If you are interested in peptide information, we also provide peptide library services. Peptide vaccines are vaccines prepared by chemical synthesis techniques according to the amino acid sequence of a known or predicted epitope in the pathogen antigen gene.
Tumor therapeutic polypeptide vaccine is one of the important directions. The difference between tumor cells and normal cells can be described in thousands of ways, but the most fundamental difference is due to the mutation of tumor cells. Many tumor cells have various mutations, and some mutations are presented to the surface of tumor cells through MHC, and then specifically recognized by the TCR of T cells, thereby directly killing tumor cells. Such mutant peptides are called new peptides. Antigen (neoantigen). If specific neoantigens in tumor cells can be found and cancer vaccines can be developed based on this amino acid sequence, relevant immune cells can be activated to kill tumor cells with the same antigen. Current challenges such as poor immunogenicity and efficacy limited by HLA phenotype. Also, the proportion of net peptide content is an important standard in vaccines.

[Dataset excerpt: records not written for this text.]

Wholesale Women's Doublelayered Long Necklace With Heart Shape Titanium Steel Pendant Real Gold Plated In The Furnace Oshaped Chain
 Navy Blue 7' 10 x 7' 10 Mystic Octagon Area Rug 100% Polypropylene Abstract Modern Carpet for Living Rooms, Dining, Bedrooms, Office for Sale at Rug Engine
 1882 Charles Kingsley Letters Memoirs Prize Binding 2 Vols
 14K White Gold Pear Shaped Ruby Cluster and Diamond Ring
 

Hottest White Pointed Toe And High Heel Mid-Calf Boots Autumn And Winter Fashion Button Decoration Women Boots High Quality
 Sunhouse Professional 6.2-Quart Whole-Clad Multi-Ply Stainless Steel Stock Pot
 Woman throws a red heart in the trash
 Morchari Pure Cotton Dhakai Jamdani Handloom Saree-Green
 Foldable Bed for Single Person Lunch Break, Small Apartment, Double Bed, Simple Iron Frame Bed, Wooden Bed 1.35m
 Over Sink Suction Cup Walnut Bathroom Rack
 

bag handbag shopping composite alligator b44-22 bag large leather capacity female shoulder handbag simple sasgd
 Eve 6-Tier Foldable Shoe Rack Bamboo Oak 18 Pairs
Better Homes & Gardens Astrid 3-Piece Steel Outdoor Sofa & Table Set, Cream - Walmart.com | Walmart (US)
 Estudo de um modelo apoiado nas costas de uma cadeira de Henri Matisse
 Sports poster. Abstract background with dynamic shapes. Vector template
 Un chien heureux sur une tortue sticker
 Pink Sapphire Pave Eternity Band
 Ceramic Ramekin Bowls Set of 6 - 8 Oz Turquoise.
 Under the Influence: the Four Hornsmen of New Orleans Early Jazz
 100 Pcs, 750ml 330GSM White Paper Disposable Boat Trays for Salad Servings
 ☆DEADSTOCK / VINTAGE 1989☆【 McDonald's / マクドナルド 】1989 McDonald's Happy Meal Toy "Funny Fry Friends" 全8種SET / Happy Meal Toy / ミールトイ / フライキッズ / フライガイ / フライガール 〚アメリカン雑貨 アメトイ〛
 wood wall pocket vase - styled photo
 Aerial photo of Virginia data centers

Prophylactic peptide vaccines will be a much-needed emerging field. From inactivated vaccines to recombinant protein vaccines to mRNA vaccines, immunocompromised people cannot get enough protection, and a paper in the journal Nature on November 24, 2021 gives us hope to make up for the loophole [Nature. 2022, 601, 617-622]. A peptide novel coronavirus vaccine named CoVac-1 led by the University of Tübingen in Germany has shown good safety, reactogenicity and immunogenicity in phase I clinical trials, and it is effective against various current mutant strains. All have good protective effect. Currently, Phase II clinical trials for the vaccine are underway. The main active ingredient of this vaccine is the specific T cell epitope from a variety of new coronavirus proteins (including the familiar spike protein and nucleoprotein shell, membrane glycoprotein, envelope glycoprotein, etc.), which are similarly affected by Toll. Combined with the body agonist XS15, it is emulsified in the adjuvant, so that the vaccine can produce a persistent T cell response.